Linda Boyne: How the cookie crumbles
Vail, CO, Colorado
I’m not sure there are words to describe my affection for chocolate chip cookies. It’s a primal thing, something deep within my soul that connects with the amazing combination of sweet crunchy cookie and sensuous, delicious chocolate. Makes me salivate just writing that.
So the Beaver Creek chocolate chip cookie competition to select the treat to be passed out all winter is like a match made in heaven! No, not as a competitor. I think my skills are best utilized as a judge.

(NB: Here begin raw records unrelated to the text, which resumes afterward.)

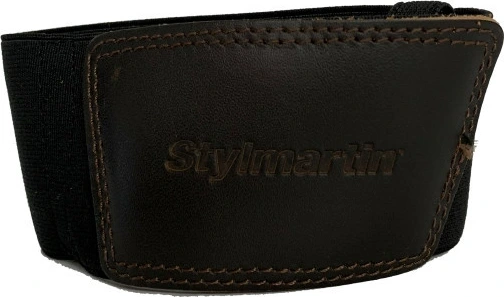 Stylmartin shift gear protection Brown, Size 44-47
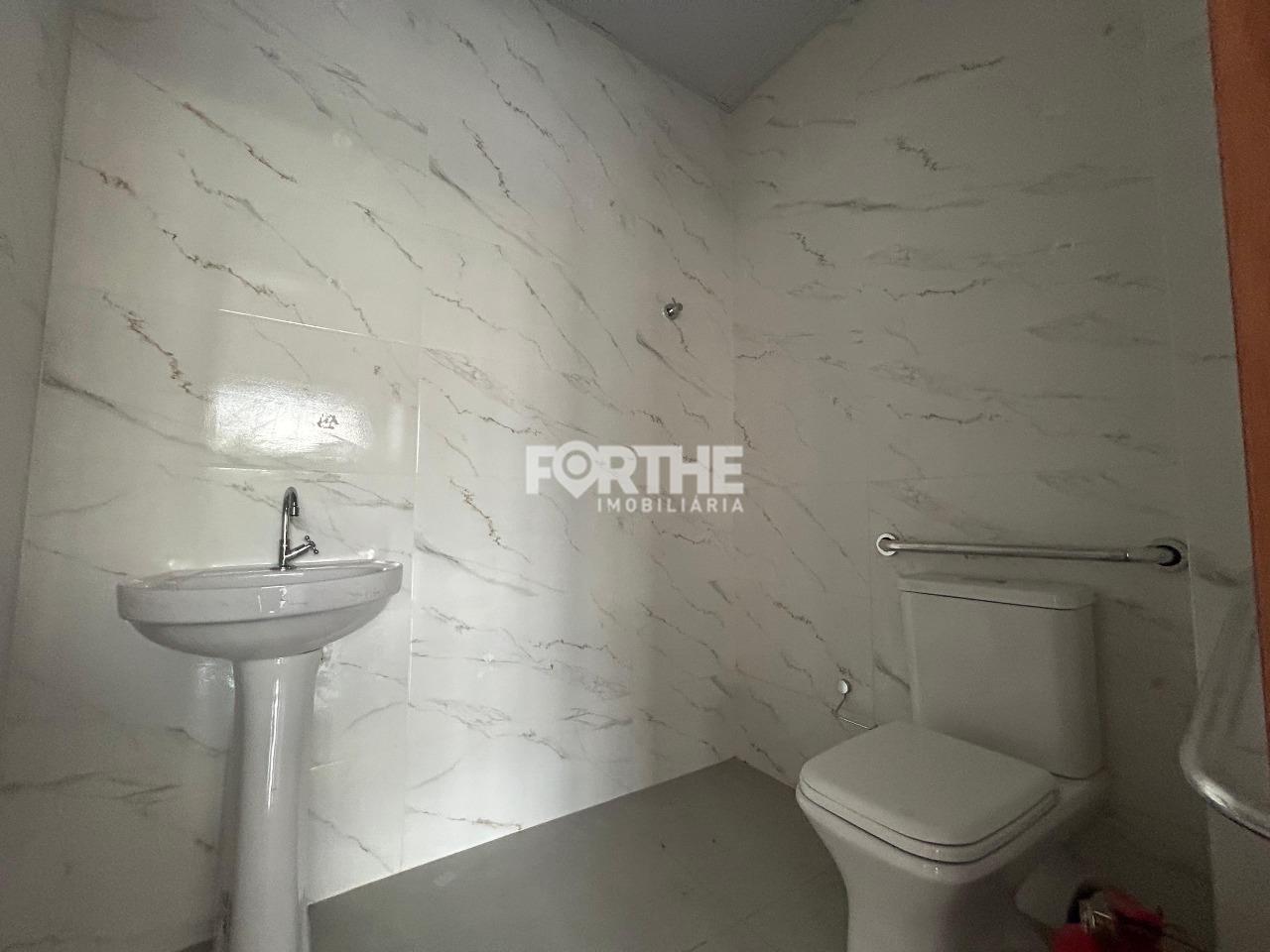 Sala comercial para aluguel no Cancelli: 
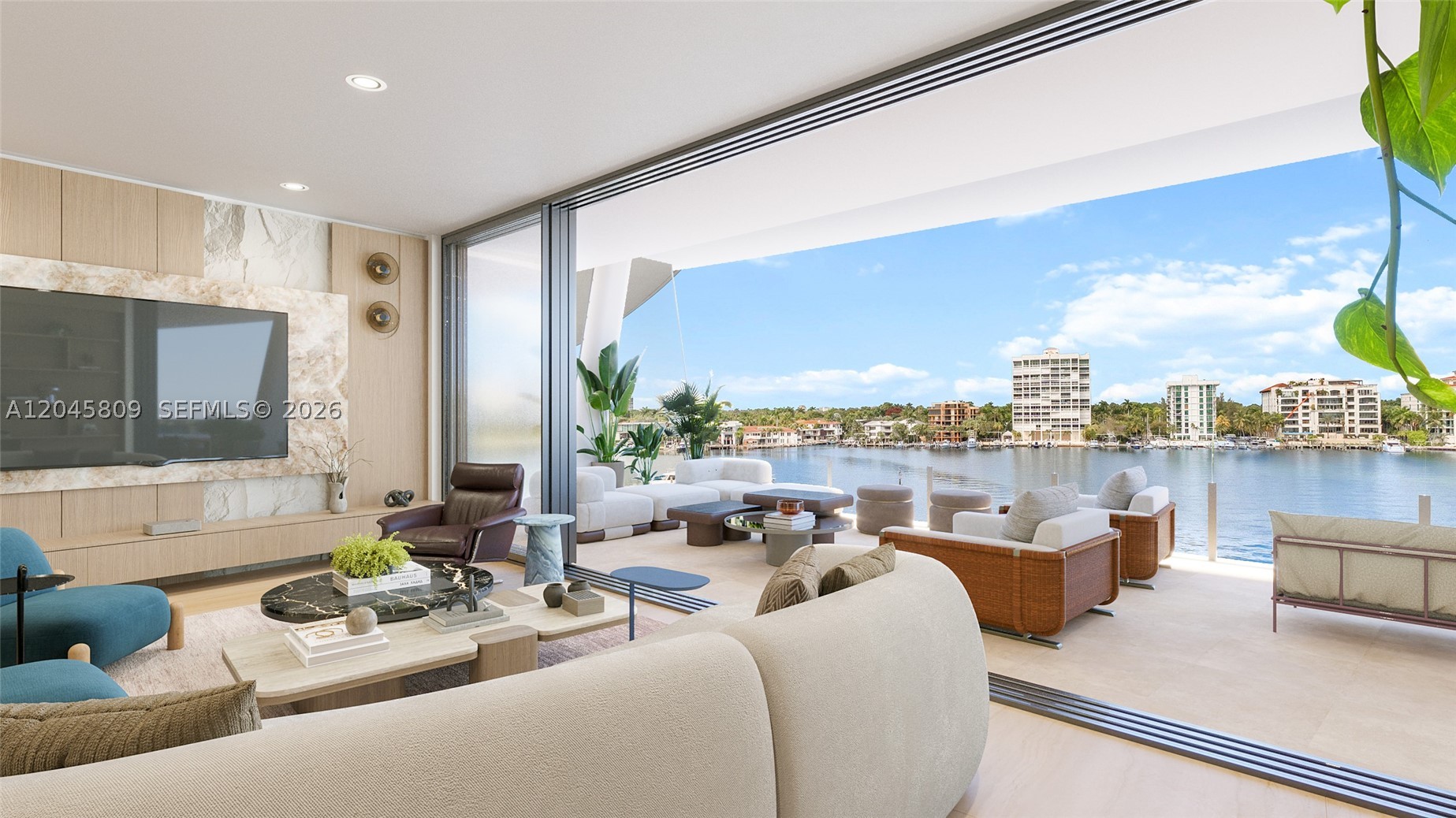 Vita Grove Isle - Residential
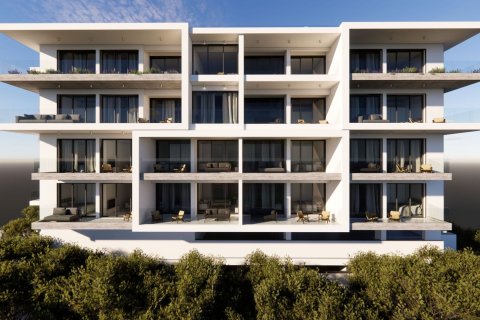 2 bedrooms Apartment in Paphos,  No. 43936 3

Wednesday was the day of the annual contest, and it also happened to be my younger son’s eighth birthday, a boy who would live on cookies and other carbs alone if left to his own devices. So when I told Small Boyne that we could go eat a bunch of cookies on his birthday, his eyes lit up.
I’d done my research, read about all the bakers, analyzed their recipes. I knew the ones I definitely didn’t want to miss, the ones I was skeptical about, the ones that intrigued me (Kahlua in cookies? Genius!). My boy and I were ready to be discriminating tasters and voters.
When the big day came, Small Boyne’s big brother was sick on the couch. So it was just the two of us venturing forth into cookie heaven. We set out at 1:30, thinking we had plenty of time to get to the big event. Ten minutes to drive to the Bear Lot, ride the bus, saunter in just before 2 ready to munch. But the cookie gods had another plan in mind for us.
We ran for the bus that was at the bus stop when we got out of the car, Small Boyne sprinting ahead of me, but to no avail. It left without us. So we stood waiting for the next one. And we waited. A crowd of about 50 skiers, boarders and fellow cookie connoisseurs gathered. And we all waited. It was an early season mishap. Apparently the hardworking Beaver Creek bus drivers hadn’t quite got the bus timing coordinated yet.
Fifteen minutes later, a crowded bus pulled in and we all tried to get on. “Tried” being the operative word. Determined to get my birthday boy up the hill to the cookie fest, we squished ourselves in, standing cheek to jowl with all the others, or in Small Boyne’s case, cheek to butt. The ride may have scarred him for life. As we pulled away, two empty buses pulled in behind us. Figures.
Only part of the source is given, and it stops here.